AUSTRALIA has pretty strong legal protections for consumers using traditional credit products such as credit cards, payday loans and consumer leases.
But with the rise of new credit products like Buy Now, Pay Later (BNPL), the wild west is back. Hardly any laws apply. And they’re so easy to apply for.
That’s not to say that these newer products are completely unregulated. The Buy Now, Pay Later Industry Code of Practice is followed by almost every BNPL provider.
It requires providers to be transparent with all information. They must be fair with any fee changes. There has to be a strong complaint handling process. They must take into account customer vulnerability.
But the Industry Code places the burden on the consumer to tell the provider any problems they might have. This is unlike the Credit Act which has Responsible Lending Obligations to make sure that providers ask about the consumer’s financial status and that they verify that their product won’t cause financial hardship before providing it.
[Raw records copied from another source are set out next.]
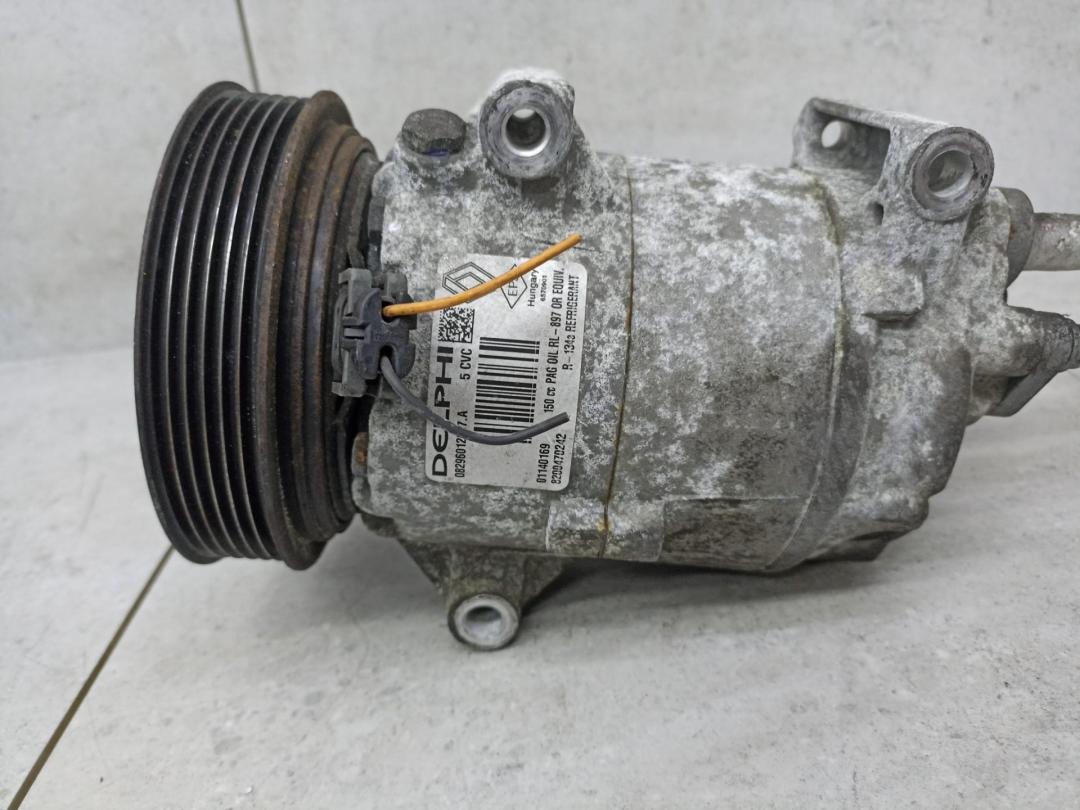 компрессор кондиционера Renault Megane 2 поколение (2002 - 2006), 8200050141, 8200940837, 7711135105, 8200316164, 8200470242, 8200600110, 7711368685 - фото №1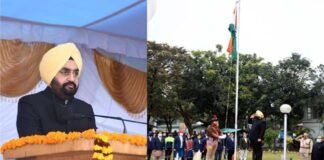 उत्तराखंड : 73वें गणतंत्र दिवस पर मुख्य सचिव ने सचिवालय में ध्वजारोहण कर अधिकारियों कर्मचारियों को दी बधाई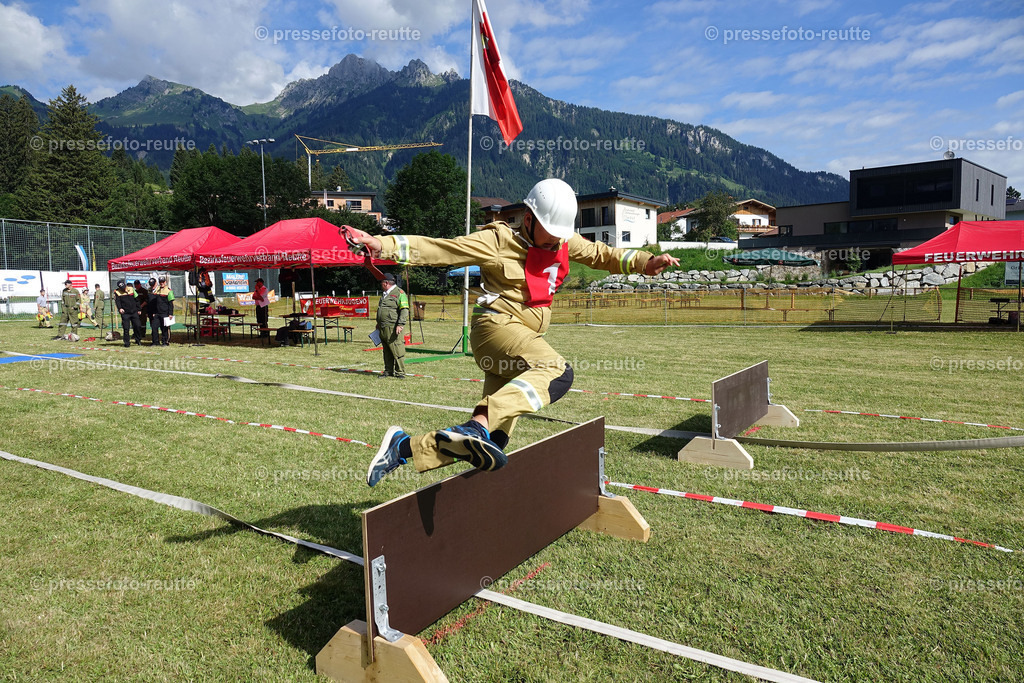 news-2022-Juli09-FF-Nassleistungsbewerb-Hoefen-Sony-DSD02625 | Info aus dem Bezirk Reutte/Ausserfern Tirol sowie eine umfangreiche Bilddatenbank über die gesamte Region: Lechtal, Talkessel Reutte, Tannheimertal, Zwischentoren. Lech, Plansee, Zugspitze, Grenztunnel, B179, Fernpassstraße, Verkehr, Lawinen, Tradition, - Realisiert mit Pictrs.com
The Industry Code also doesn’t require providers to hold an Australian Credit Licence, meaning that they don’t have to comply with the same general conduct obligations.
In general, the Industry Code just isn’t as thorough as the Credit Act. So, there are lots of loopholes that open up consumers to harm.
The Government has launched a consultation process on regulating Buy Now, Pay Later with an options paper laying out a few possible ways forward.
Here are some of the big issues caused by the lack of regulation that they want to address.
BNPL causes poor consumer outcomes and financial hardship.
BNPL charges excessive consumer fees and lacks clear product disclosure practices.
Consumers are often encouraged to use it for essential purchases like groceries and utilities.
Three options to address this are explored in the paper.
The light option is to fix up the Industry Code and make providers use an ‘affordability assessment’.
A slightly heavier touch is to make BNPL follow some relevant sections of the Credit Act. This would mean BNPL providers have to get an Australian Credit Licence and follow modified Responsible Lending Obligations. In addition, the Industry Code would be fixed.
Lastly, the heaviest option would be to change the Credit Act. This would make BNPL follow all the same requirements that apply to other cards.
BNPL only makes up around 2 per cent of all Australian credit and debit card purchases but it is quickly growing. There’s no reason this market shouldn’t be regulated just as heavily as traditional credit products.
Otherwise, we’ll only see vulnerable consumers continue to be taken advantage of.